と、違和感を覚えたのは、K池の最寄り駅に着いてからです。


 私自身も友人Tほどではないですが、ある程度のエネルギーは感じることができるんです。パワーのある神社やスポットであれば、地図がなくても、そのエネルギーを辿ってそこに辿り着くことができるぐらいには、わかります。

 でも、駅を降りても、K池がどの方向にあるかすらわからないんです。

 これは、「単に桜が綺麗なお花見スポットっていうだけじゃないのかな、これはボツかな」と、不安を感じながら、地元の方に道を聞きつつ、K池に向かいました。



 不安が恐怖に変わったのは、K池公園に入ってすぐのことでした。

 確かに他の場所に比べて、パワーはあるかもしれません。でも、なんというか……負のパワーなんです。

 池には魚や水鳥が泳いでいて、一見、ふつうの池なんですが、水面が鈍色に曇っていて、爽やかな水のエネルギーが感じられない。



 池の畔に、ぽつんと古びた祠が建っていました。

 祀られていたのは、弁財天だったと思います。

 でも、肝心の弁財天様がいらっしゃらない。

 何か、“他の存在”を感じるんです。



 K池公園に入ってから、背筋の寒さを感じていて、もうすぐにもここから出たいと思っていたのですが、仕事は仕事なので、仕方なく本に掲載するための写真を撮ろうと、カメラを出しました。

 ホラースポットでよくある話過ぎて、あまりに陳腐な体験なんで、これはあまり言いたくはないのですが。シャッターが降りないんです。

 池と祠のところでは、どうやってもシャッターが降りない。

 仕方なく、池の周りをぐるっと回って、どこかシャッターが切れるポイントがないかと探し歩きました。



 そのとき、偶然見つけたのですが。

 公園には、あまりに不似合いな石碑が建っているんです。

 水神碑、池の改修記念碑。

 これらは、まだ理解できます。

 しかし、一番大きく存在をアピールしているのが、昭和に建てられた、K池に関する裁判結果を記した石碑なんです。

 どうやら、この池はもともと農業用の灌漑池だったのですが、その権利を巡って所有者の権利を巡る裁判が行われていたようなのです。



 ああ、負のパワーを出しているのは、これか、と納得しました。

「ここは自分のものだ」

 そう所有権の主張をし、争う人々の怨嗟の声。



 それと同時に、この池に伝わるある伝説が思い出されました。



 昔むかし。まだ、ここに池などなく、この辺り一帯がいくつかの小さな水田に分かれていた頃のこと。
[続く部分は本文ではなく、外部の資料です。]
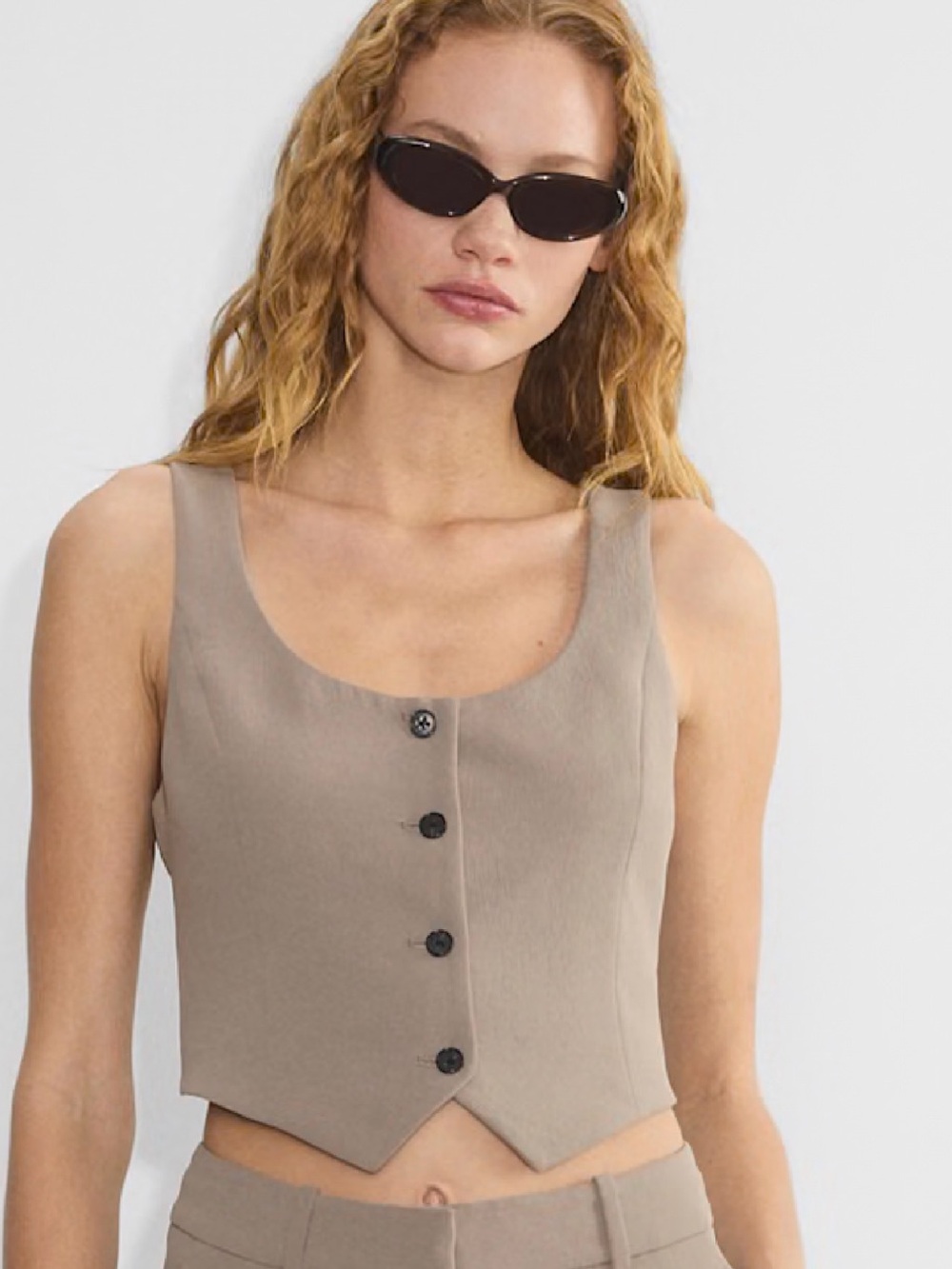 Wilfred by Aritzia Rocco Vest in Turner Taupe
お松という働き者の嫁がおりました。

 お松は夫婦仲もよく、その姑はその仲むつまじさをひそかに妬んでいました。

 お松の夫が留守をしていたある日のこと。

 姑は、産後間もないお松に、大の男でも一人では無理だというほど広い田んぼを指さして言いました。

「今日のうちに、おまえさん一人で田植えを全部終えとくんだよ」

「はい、わかりました、おっかさん」

 お松は、産まれたばかりの赤子を背負って、一生懸命田植えに励みました。

 しかし、そもそも一人では無理な広さの田んぼです。お日様は西に傾きかけていましたが、まだ田植えを終えることはできませんでした。
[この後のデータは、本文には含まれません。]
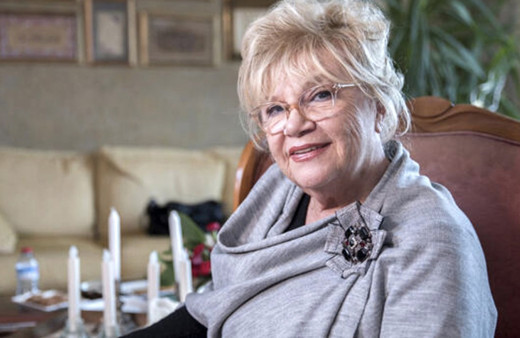 Nevra Serezli çocukları kaç tane Nevra Serezli yaşı kaç?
「ああ、あと半刻。せめて、あと半刻あれば、田植えが終わるのに……」

 お松は、お日様に手を合わせて、神様に祈りました。

 すると、なんと不思議なことでしょう。

 沈みかけていたお日様は、再び東の中天高く昇ったのです。

 おかげで、姑の言いつけ通り、「今日のうちに」お松は田植えを終えることができたのでした。

「ああ、よかった。おっかさんの言いつけを守ることができて」

 精根尽きたお松は、そのまま田んぼに倒れてしまいました。

 そのとき、どこからともなくたくさんの水が溢れてきて、お松もその子どもも、水に呑まれてしまったのです。
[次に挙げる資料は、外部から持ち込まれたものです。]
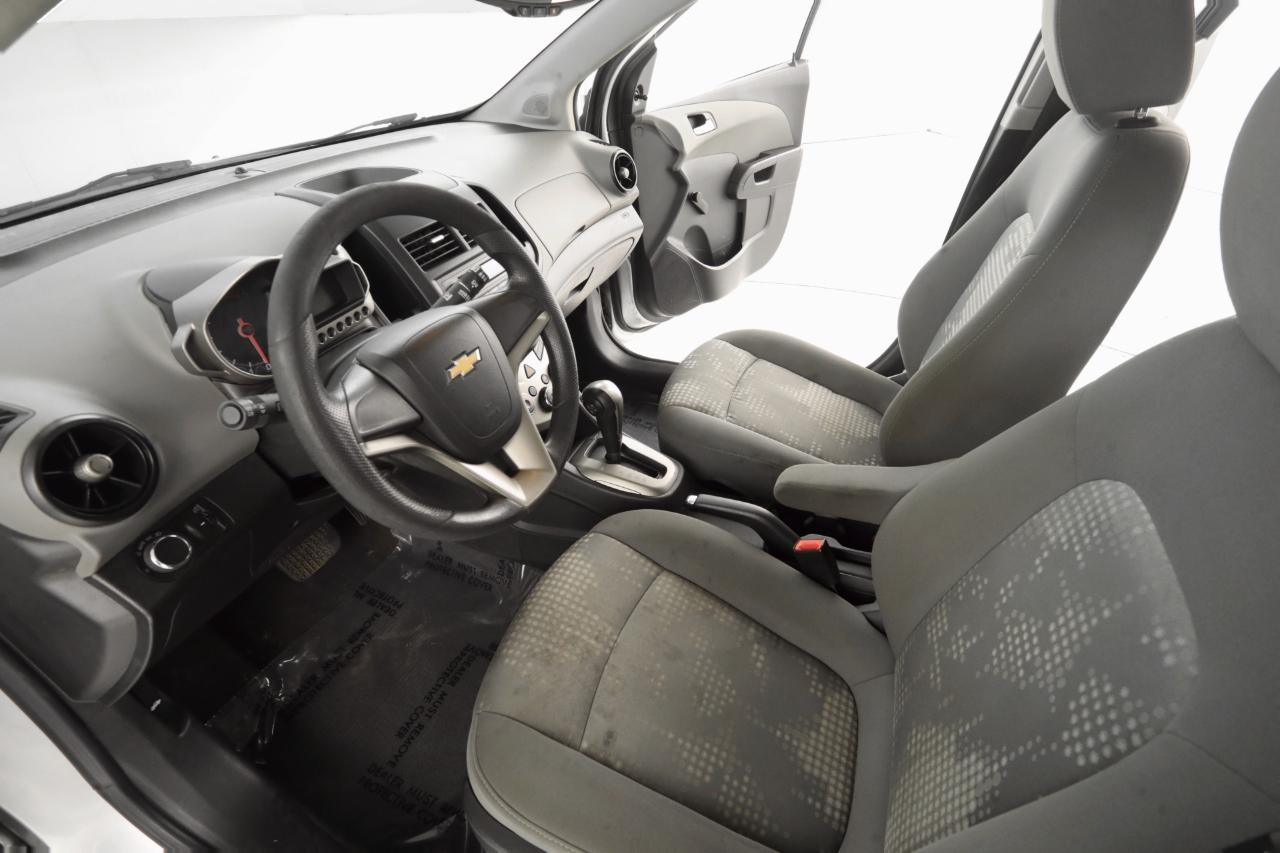 Chevrolet Sonic LS 2012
 人々は、お松の祟りを恐れて、この田んぼに近寄らなくなってしまいました。

 それからしばらく雨の多い年が続き、いつしかお松が田植えをした田んぼは跡形もなく、池となってしまったのです。



「この辺り、昭和に入ってまで灌漑池の権利を巡って裁判を起こしているぐらいだから、もともと稲作できるほど、水がなかったんじゃないかなぁ。それで、人口の池を作ることにしたんだろうね」

 そして、このお松。

 ただの嫁いびりで亡くなったわけではなく、池を作るために人柱にされたのではないか。

 そう考えると、パズルのピースがはまるように、すべての符号がぴたりと合致するんです。



 祠に祀られているのは、弁財天様ではなく、人柱とされた女性たち。

 そして、現代に入っても権利を巡って争い続ける男たち。



 ここを気持ちよいエネルギーだと感じられるのは、男性に限られるのかもしれないと。

 そう思いました。



 ええ、同行してくれたTさんも、同じ意見でした。

 ただ、ここと繋がっているエネルギーを感じるから、県内のE神社に行った方がいいと言われまして。

 私も正直、ここはパワースポット本に紹介できる場所ではないので、困っていたんです。

 このK池を紹介して、本を片手にやって来た人が、祠に手を合わせたらきっと大変なことになる、って思ったんです。

 でも、E神社なら、大丈夫だろう、と。仕事のことも考えて、E神社に取材に向かうことにしました。



 ええ、E神社なら大丈夫だろう、と思っていたんですけどね。